Maroulis’ comeback story hit a crossroads at the Olympic trials in April 2021, where the winner of a best-of-three finals series in each weight class made Team USA.

Maroulis won the opening match against Jenna Burkert, but then lost the second match. Statistically, a wrestler who loses the second match in a best-of-three series usually loses the third. But Maroulis pinned Burkert just 22 seconds into the rubber match to clinch the Olympic spot.

Shen then revealed that she tore an MCL two weeks earlier.

“They told me I would have to be in a brace for six weeks,” she said then. “I said, ‘I don’t have that. I have two and a half.’”

Maroulis said she later asked the director what would have happened if she didn’t make the team for Tokyo. She was told the film still have been done.

“He had mentioned this isn’t about a sports story or sports comeback story,” Maroulis said. “This is about a human story. And we’re using wrestling as the vehicle to tell this story of overcoming and healing and rediscovering oneself.”
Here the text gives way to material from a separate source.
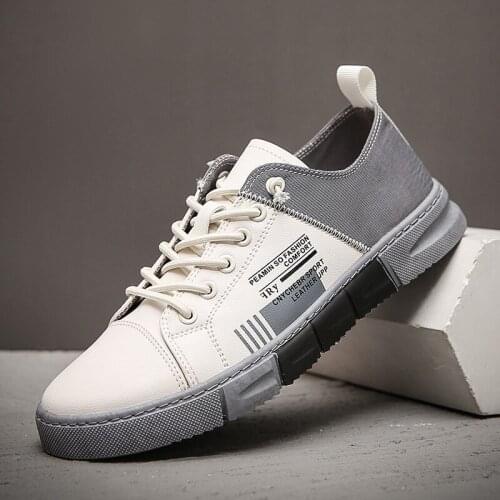 Autumn 2021 new breathable white shoes mens pedal leather casual sports tide board shoes mens leather shoes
Maroulis said she was told that, during filming, the project was pitched to the production company of actor Chris Pratt, who wrestled in high school in Washington. Pratt signed on as a producer.

“Wrestling has made an impact on his life, and so he wants to support these kinds of stories,” said Maroulis, who appeared at last month’s Santa Barbara Film Festival with Pratt.

Pratt said he knew about Maroulis before learning about the film, which he said “needed a little help to get it over the finish line,” according to a public relations company promoting the film.

The film also highlights the rest of the six-woman U.S. Olympic wrestling team in Tokyo. Four of the six won a medal, including Tamyra Mensah-Stock‘s gold.

“I was excited to be part of, not just (Maroulis’) incredible story, but also helping to further advance wrestling and, in particular, female wrestling,” Pratt said, according to responses provided by the PR company from submitted questions. “To me, the most compelling part of Helen’s story is the example of what life looks like after a person wins a gold medal. The inevitable comedown, the trauma around her injuries, the PTSD, the drive to continue that is what makes her who she is.”

Maroulis, who now trains in Arizona, hopes to qualify for this year’s world championships and next year’s Olympics.

“I try to treat every Games as my last,” she said. “Now I’m leaning toward being done [after 2024], but never say never.”